Ce que nous voulons, c’est un lieu pour vivre à plusieurs. Un endroit que l’on habite sans vouloir attendre d’avoir les bons papiers, les bons revenus, le bon piston à la mairie. Ce que nous refusons c’est le contrôle généralisé. Dans les transports, dans la rue, dans les écoles, face aux institutions qui nous exploitent et qui nous gèrent, le fichage est généralisé. Les rafles quotidiennes, la vidéo-surveillance, le puçage du vivant, toutes les chaînes sécuritaires, toutes les prisons et le monde qui les a créées. Ce que nous refusons c’est l’exploitation, la spéculation, de devoir payer pour exister, de crever sur l’autel de la propriété privée. Ce que nous saluons, c’est la solidarité des habitant-e-s du voisinage, de nos ami-e-s, de nos camarades.
Les ex-occupant-e-s du 18 rue Olivier Métra.
* Service d’investigation transversale : C’est un service « expérimental » de la préfecture de police de Paris qui fait le lien entre les « services spécialisés » ( Renseignement généraux, police scientifique, brigade criminelle, SDAT ) et les « partenaires institutionnels » (mairies, ministères…).

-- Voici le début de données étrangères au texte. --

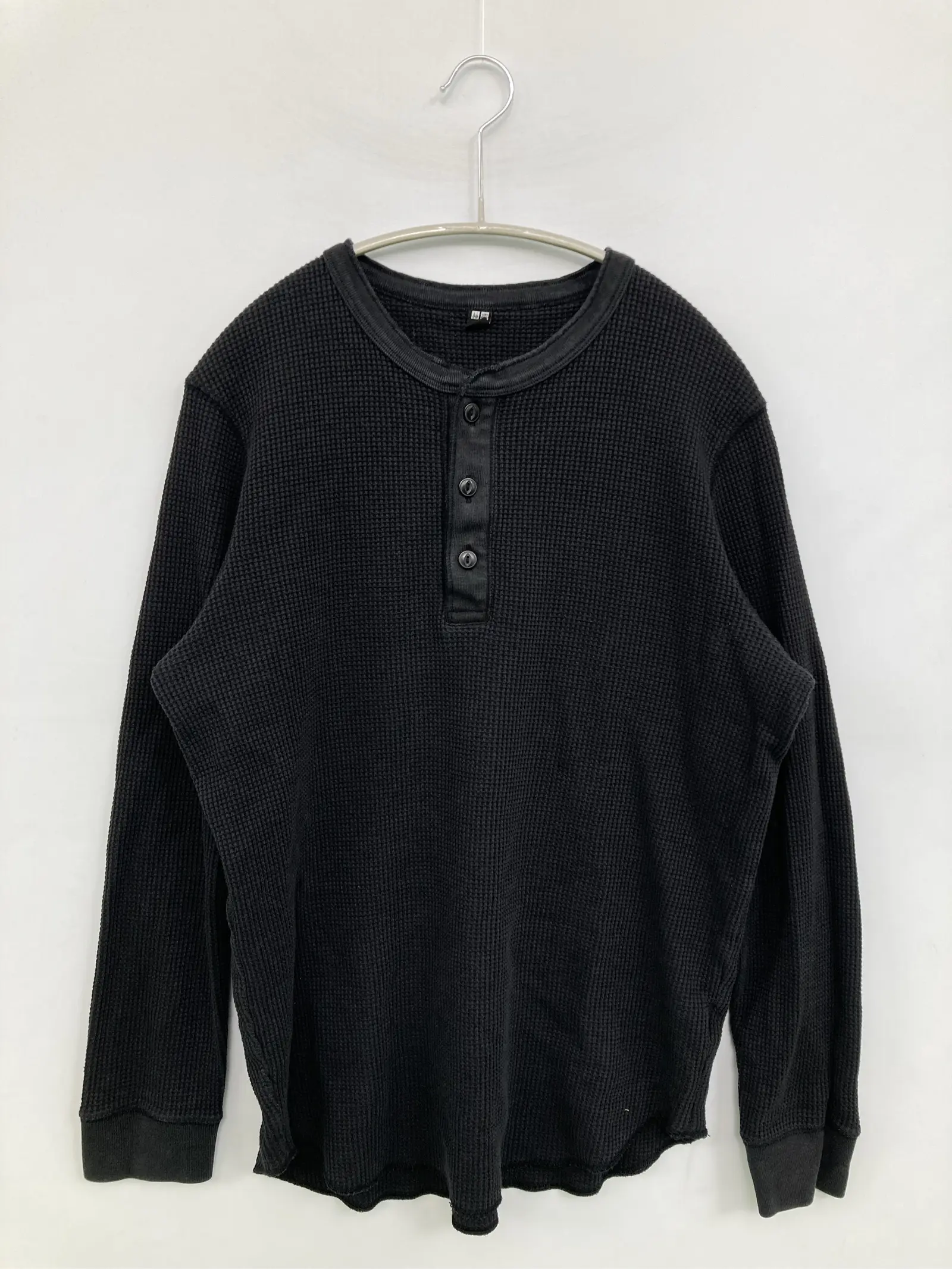 https://r2-worker.digdig.jp/product/3231beb7-1b3f-49da-bc08-aa1e436291f3/74d6f531-ce2a-41d2-83f8-2c1cffffa7fc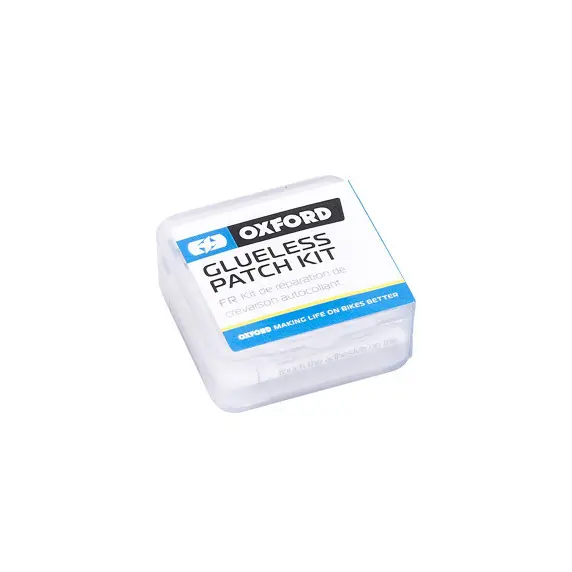 Image of Reparatur-Set Oxford (x10)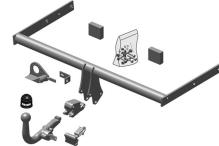 BRINK 523500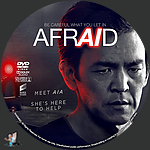 Afraid_DVD_v2.jpg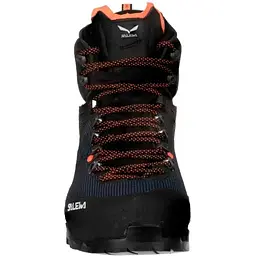 Черевики Salewa Ortles Edge Mid GTX M 44 Синій (1054-013.001.6163) - мініатюра 3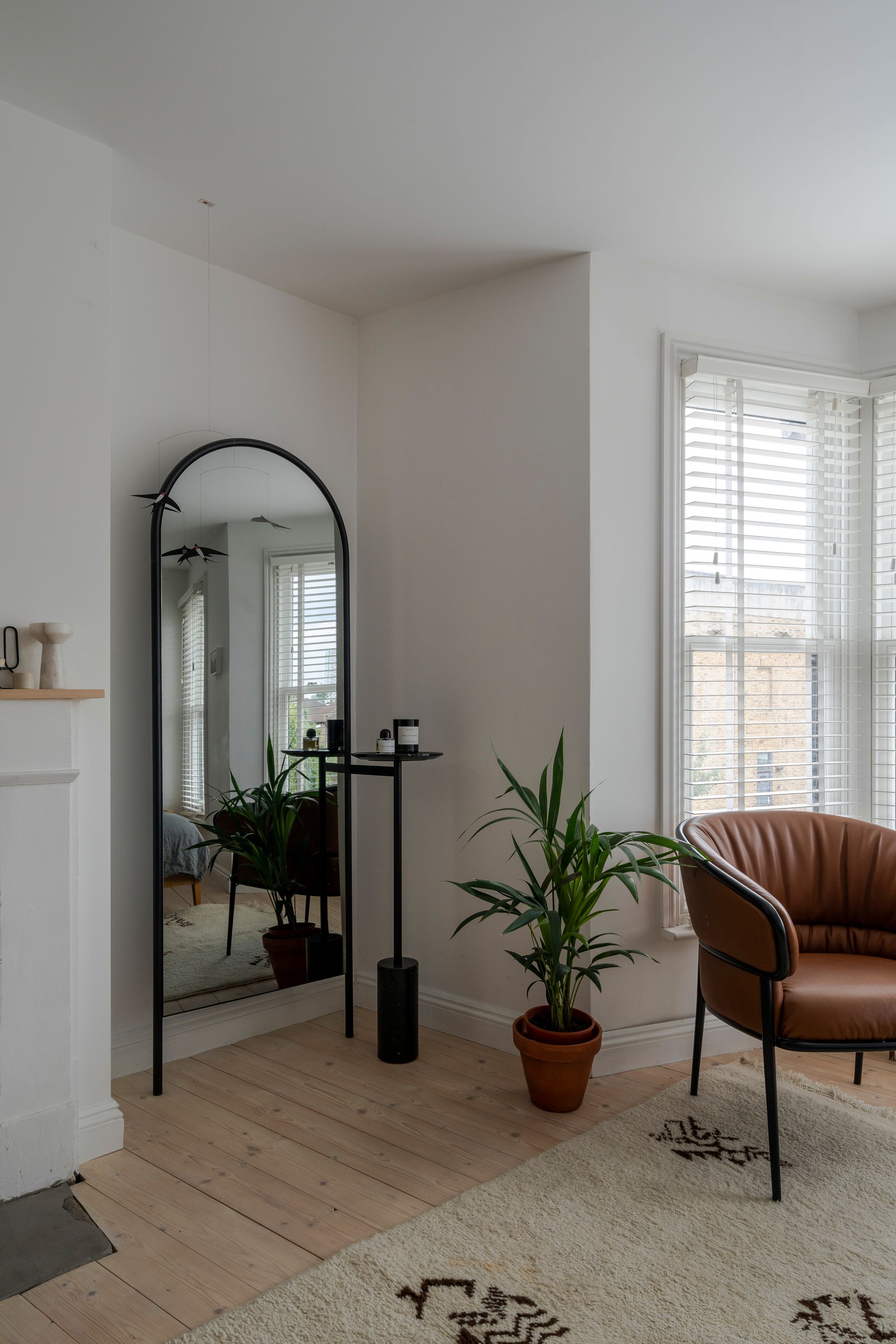 2 bed mid-terraced house for sale in Cann Hall Road, Leytonstone, London, E11  - Property Image 24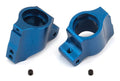 FT Aluminum Rear Hubs - view 1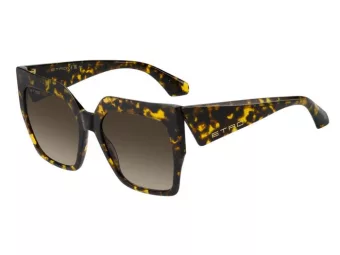 Etro Naočare za sunce ETRO 0122/S 086/HA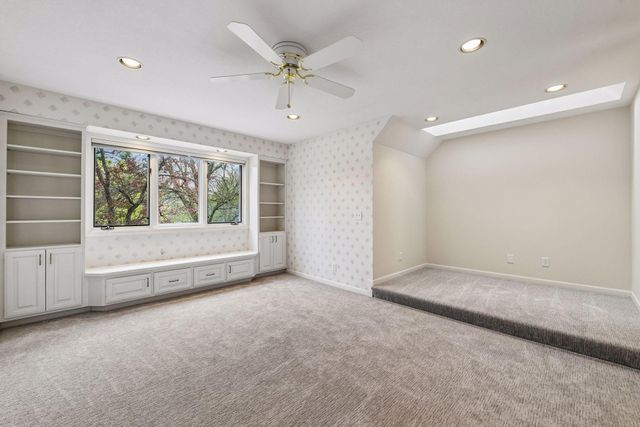 3435 Oakton Drive, Minnetonka, MN 55305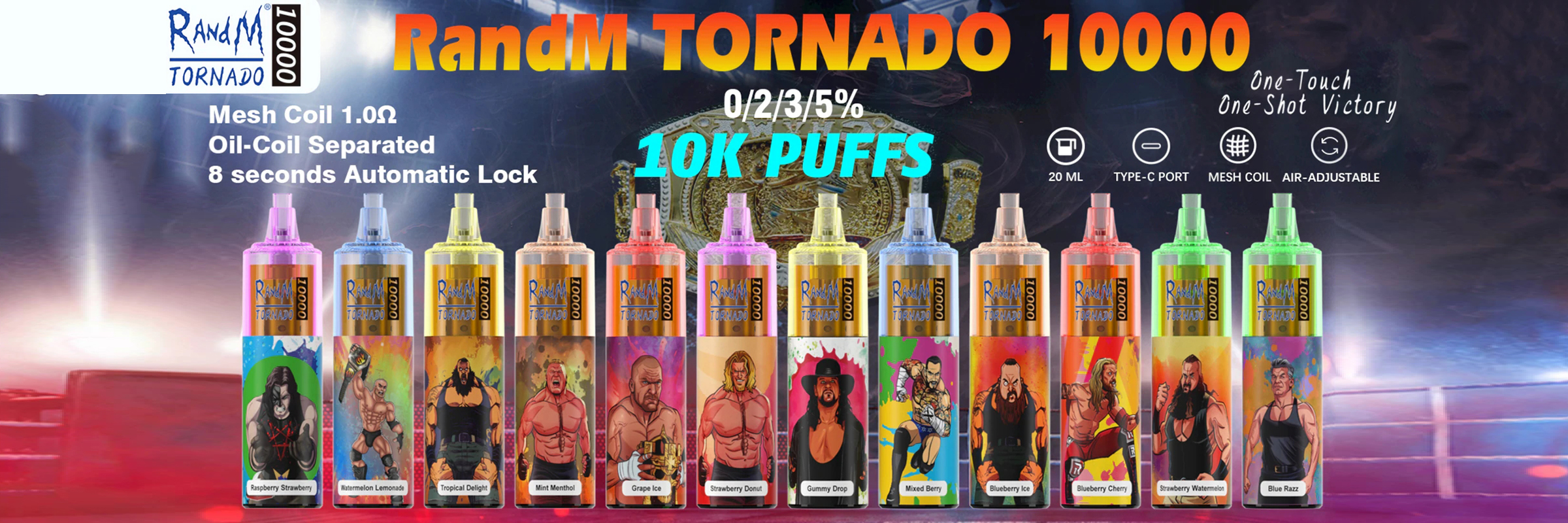 RandM_Tornado_10000-1_300x.webp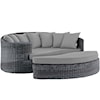 Modway Summon Outdoor Daybed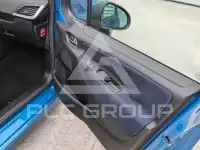 2007 Peugeot 207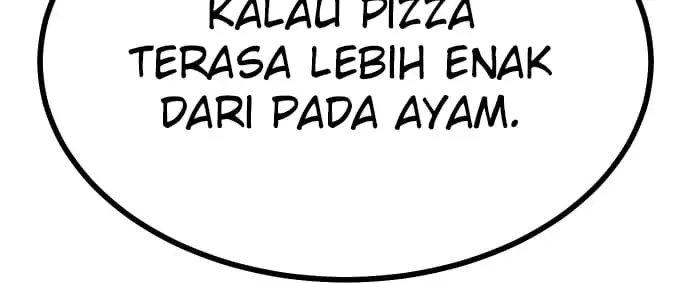 image-komik-reincarnation-of-the-veteran-soldier-chapter-15-62/70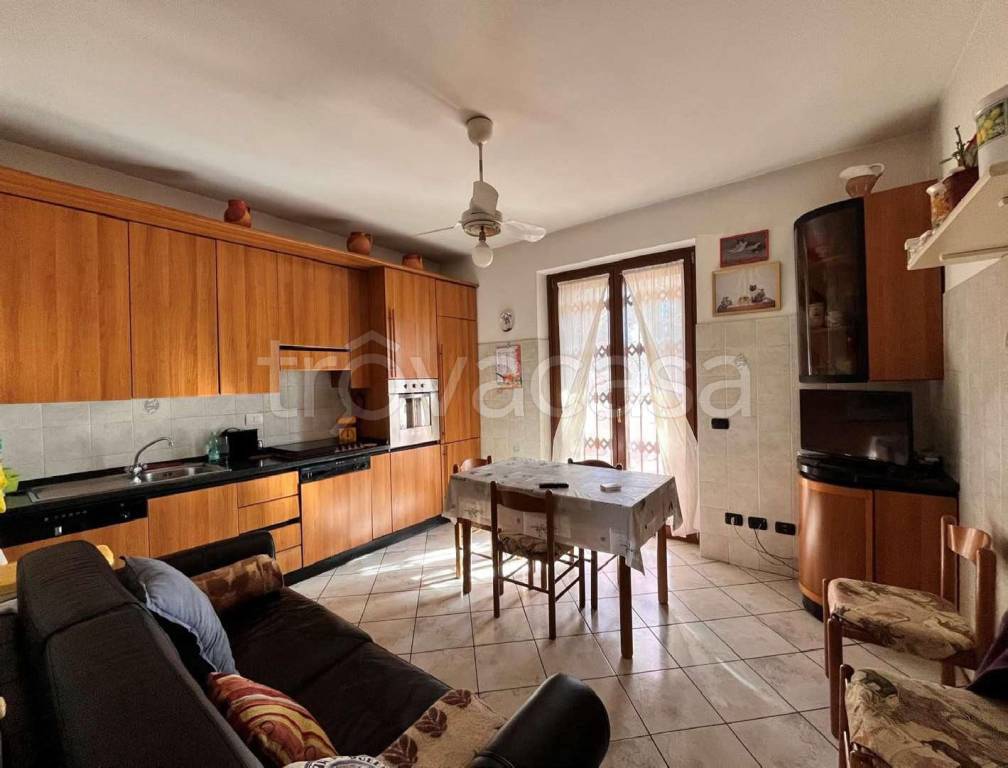 immagine annuncio 9 di 15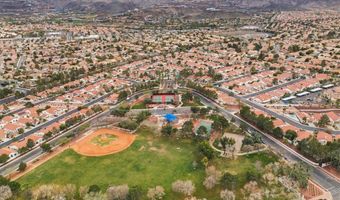 1562 Harwood, Henderson, NV 89012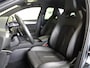 CUPRA Leon Sportstourer 1.4 e-Hybrid 204pk DSG-6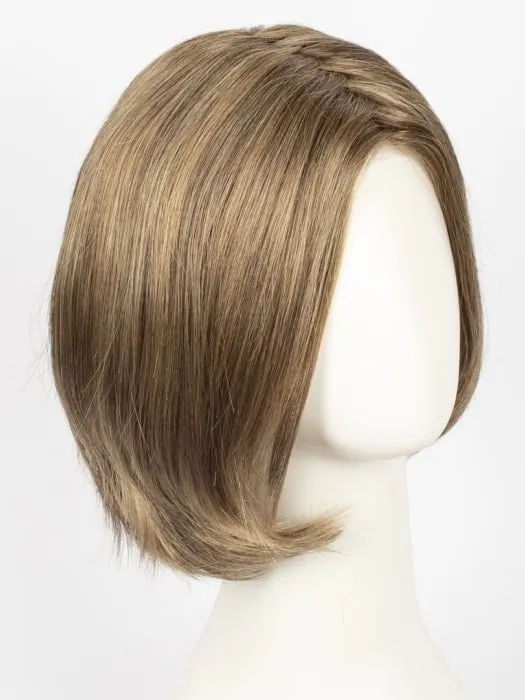 Accessories_Gabor_Wigs Hairpieces Unspoken | Synthetic Lace Front Wig (Mono Part)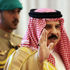 العاهل البحريني يكلف الأمير سلمان بن حمد برئاسة مجلس الوزراء العاهل البحريني يكلف الأمير سلمان بن حمد برئاسة مجلس الوزراء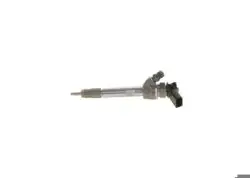 BMW F40-F48 Mini F56 Enjektör 13538579232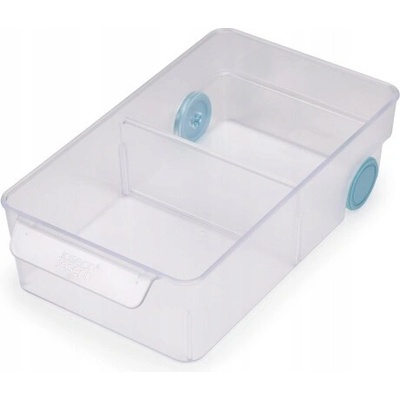 Organizér do lednice Joseph Joseph FridgeStore 851663, velký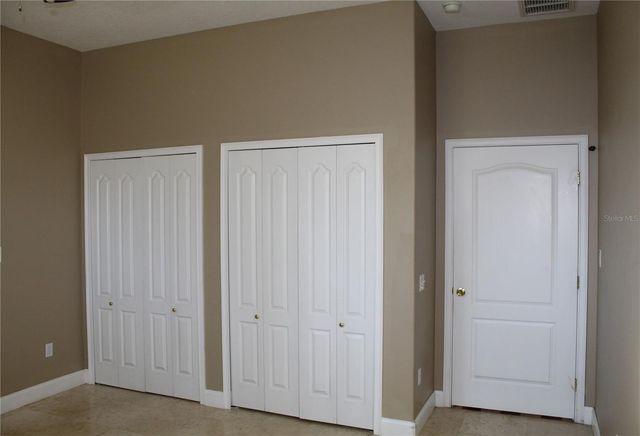 13019 SUMMERLAKE WAY, Clermont, FL 34711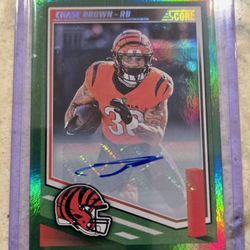 Port City Collectibles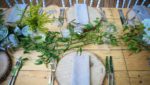 Spicy Orman Evi Nikah Sonrası Yemek Fiyatları Eyüp İstanbul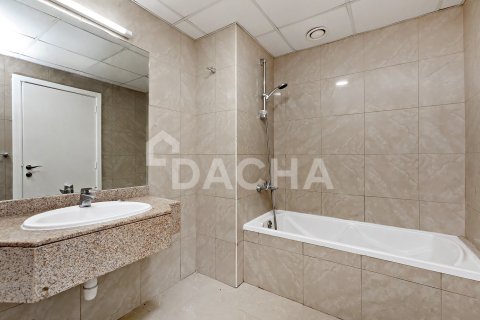 Apartment de 3 dormitorios en Marina Crown, UAE No. 155363 11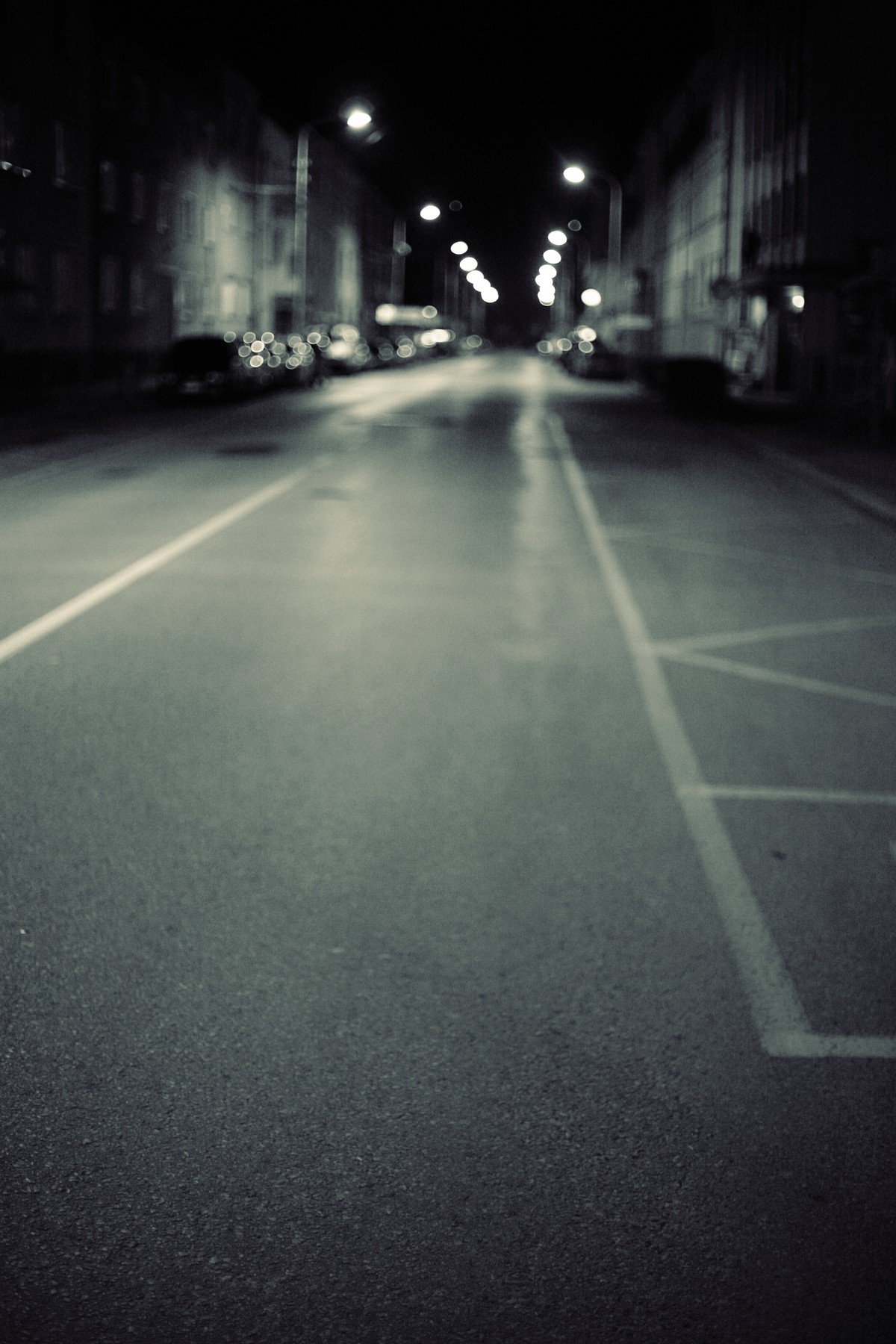a photo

* FNAEG :Le Fichier national automatisé des empreintes génétiques (FNAEG), créé en 1998, est un fichier commun à la police et à la gendarmerie qui gère les traces ADN prélevées au cours des enquêtes.
* GAV supplétive : Nouvelle notification des droits suite à un délit constaté durant la garde-à-vue. Ne la rallonge pas.